::: TASK MATERIAL
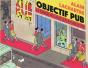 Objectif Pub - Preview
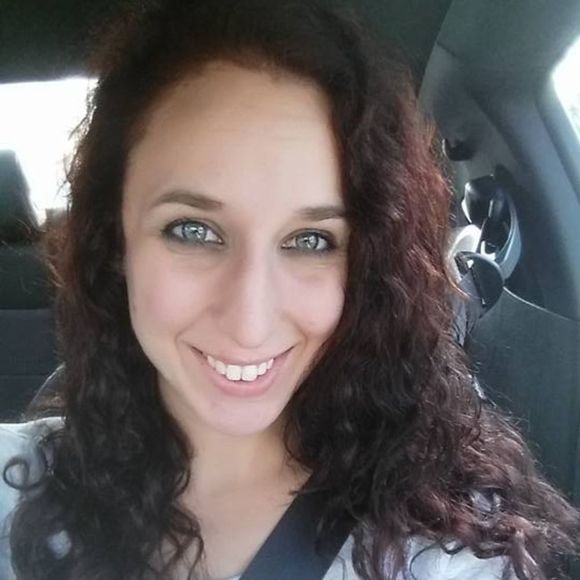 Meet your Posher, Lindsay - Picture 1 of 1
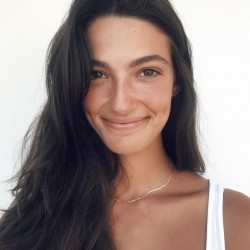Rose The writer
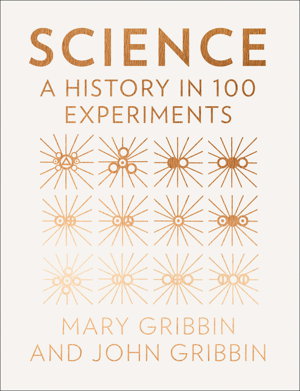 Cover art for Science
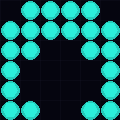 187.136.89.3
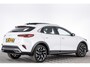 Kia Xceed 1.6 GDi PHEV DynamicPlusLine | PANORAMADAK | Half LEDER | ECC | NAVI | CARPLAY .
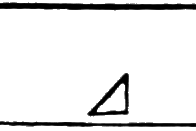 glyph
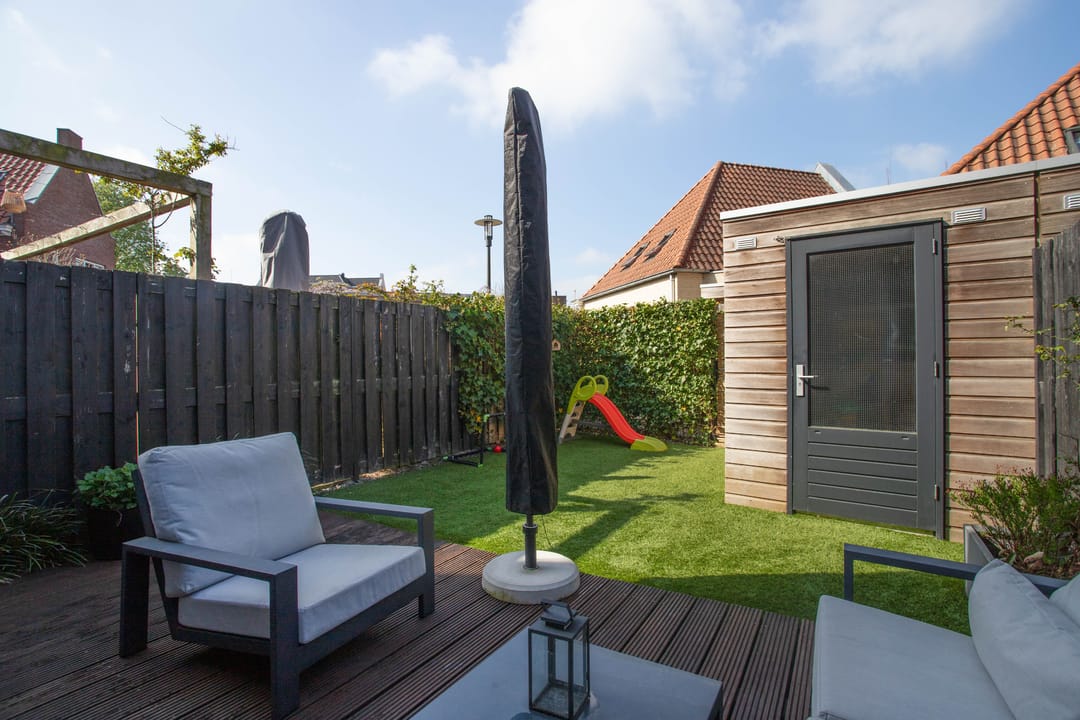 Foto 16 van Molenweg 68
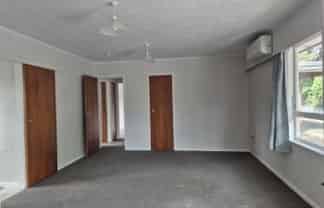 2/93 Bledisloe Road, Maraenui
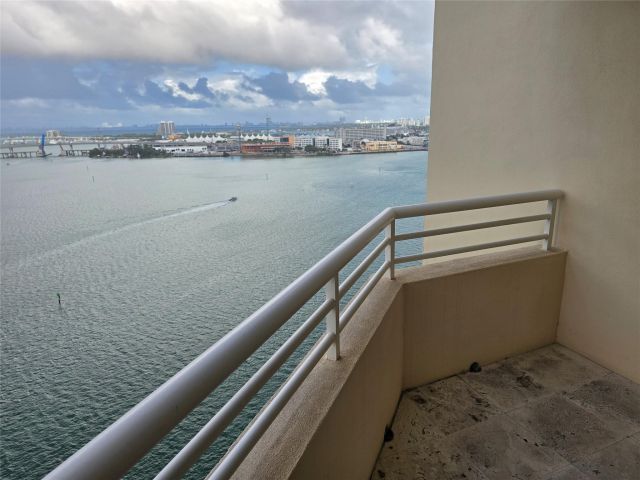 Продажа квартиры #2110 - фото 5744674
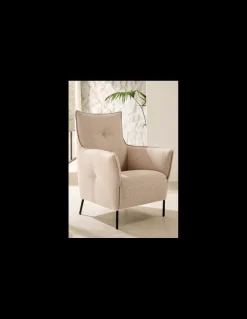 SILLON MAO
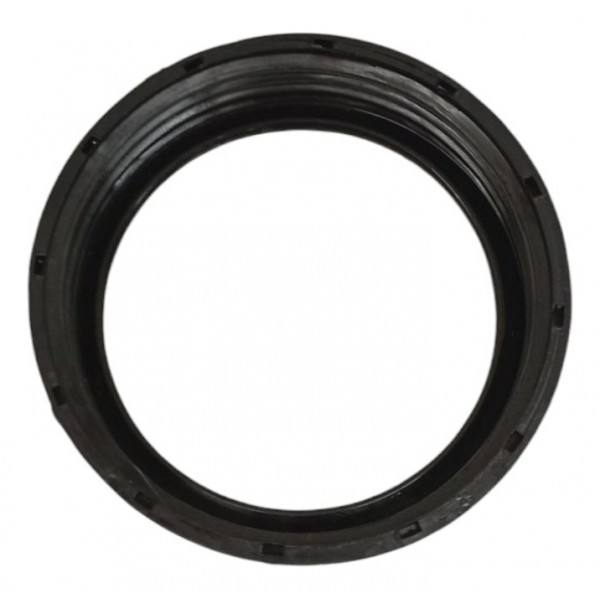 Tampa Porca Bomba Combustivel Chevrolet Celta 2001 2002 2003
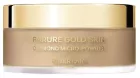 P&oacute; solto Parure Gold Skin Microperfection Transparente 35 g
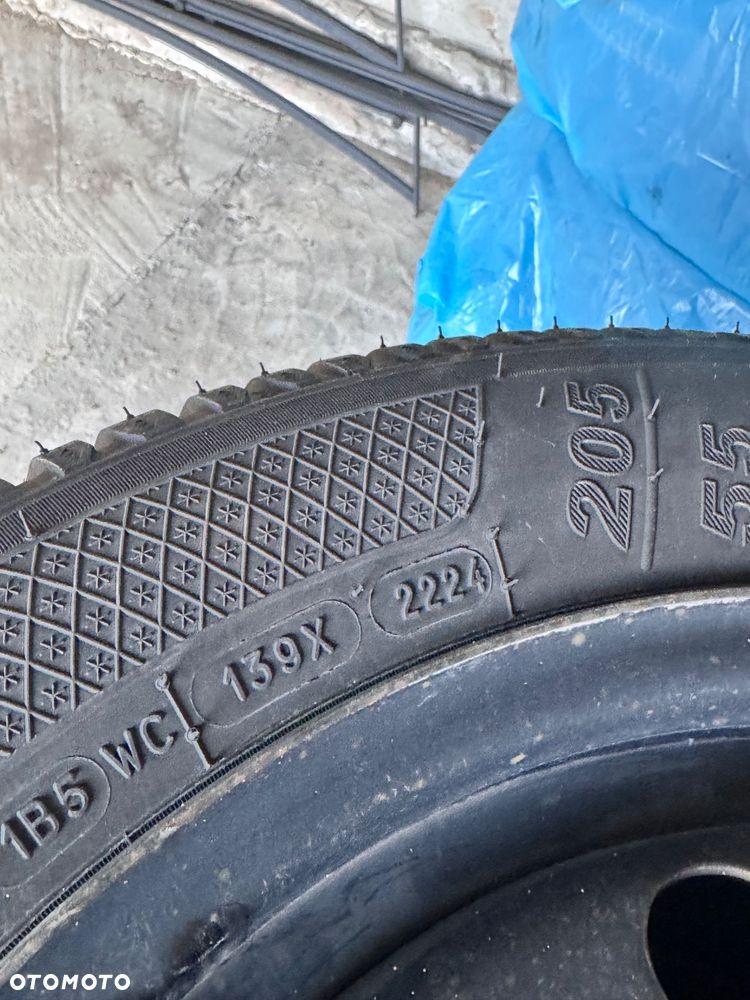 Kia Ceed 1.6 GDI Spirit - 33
::::::
::: TASK MATERIAL
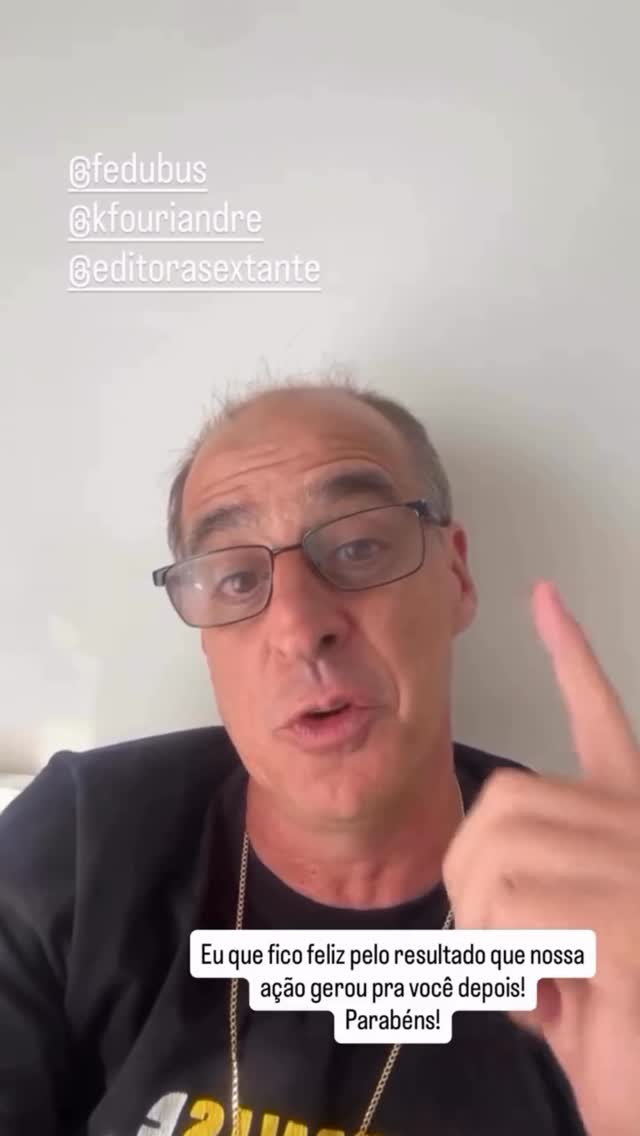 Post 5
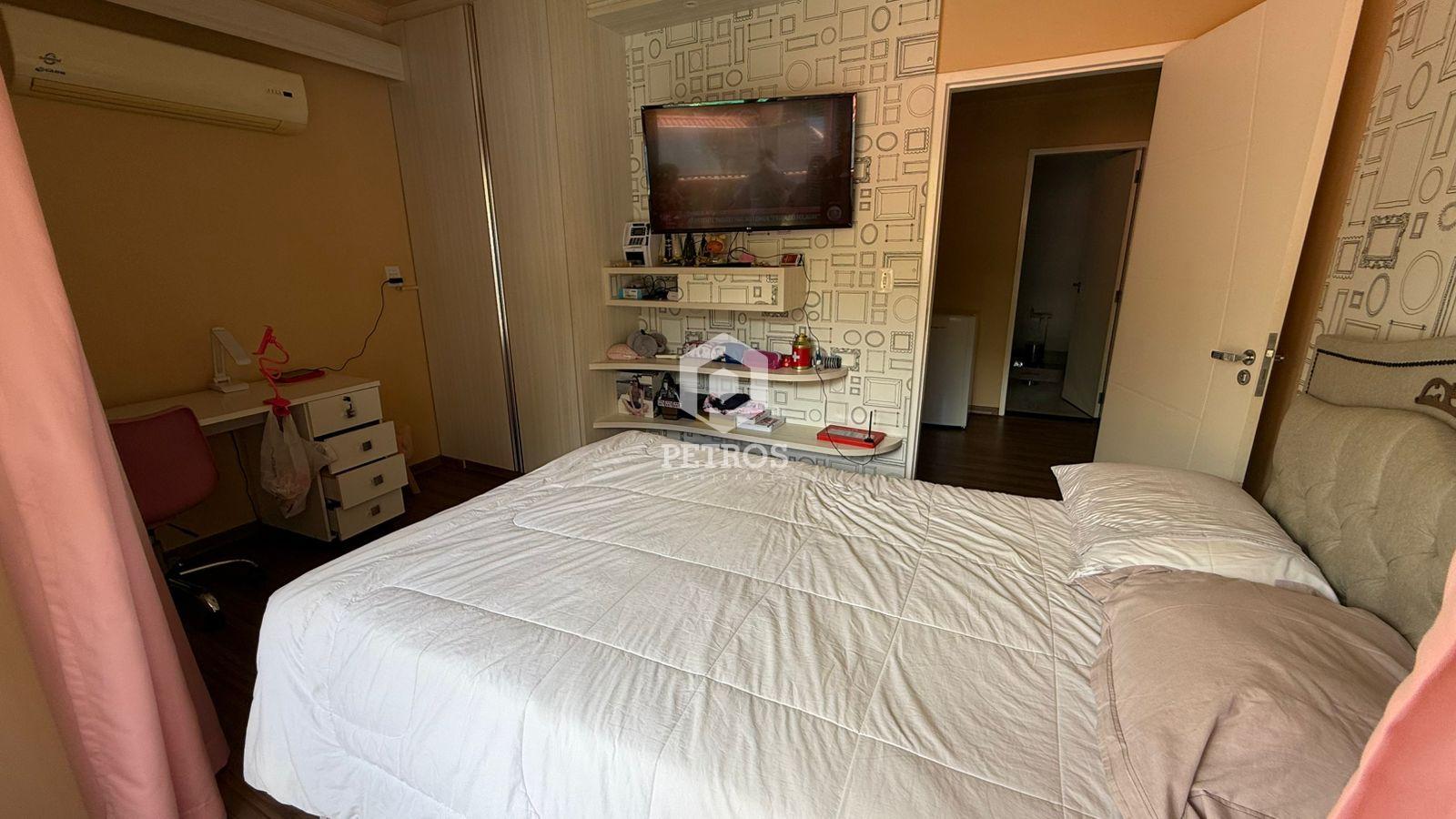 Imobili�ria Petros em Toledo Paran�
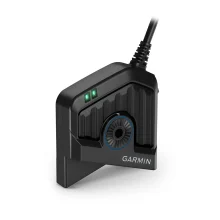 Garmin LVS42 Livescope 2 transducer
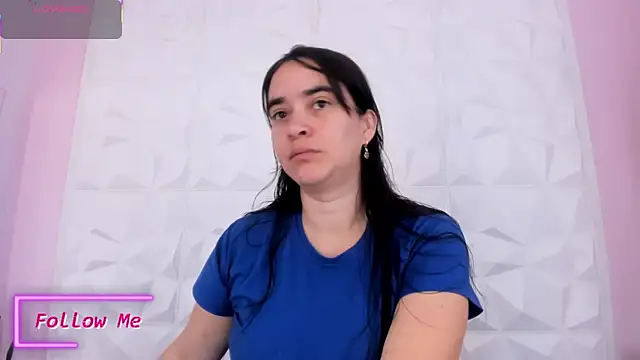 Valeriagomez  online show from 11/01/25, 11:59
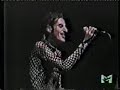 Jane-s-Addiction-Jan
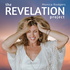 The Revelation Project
::::::
WORK INSTRUCTIONS: Although the records above contain pictures, the copy must not; set down exactly the lines from the one with "187.136.89.3" up to and including the one with "Kia Ceed 1.6 GDI Spirit - 33".

ANSWER FOR THIS EXERCISE:
 187.136.89.3
 Kia Xceed 1.6 GDi PHEV DynamicPlusLine | PANORAMADAK | Half LEDER | ECC | NAVI | CARPLAY .
 glyph
 Foto 16 van Molenweg 68
 2/93 Bledisloe Road, Maraenui
 Продажа квартиры #2110 - фото 5744674
 SILLON MAO
 Tampa Porca Bomba Combustivel Chevrolet Celta 2001 2002 2003
 P&oacute; solto Parure Gold Skin Microperfection Transparente 35 g
 Kia Ceed 1.6 GDI Spirit - 33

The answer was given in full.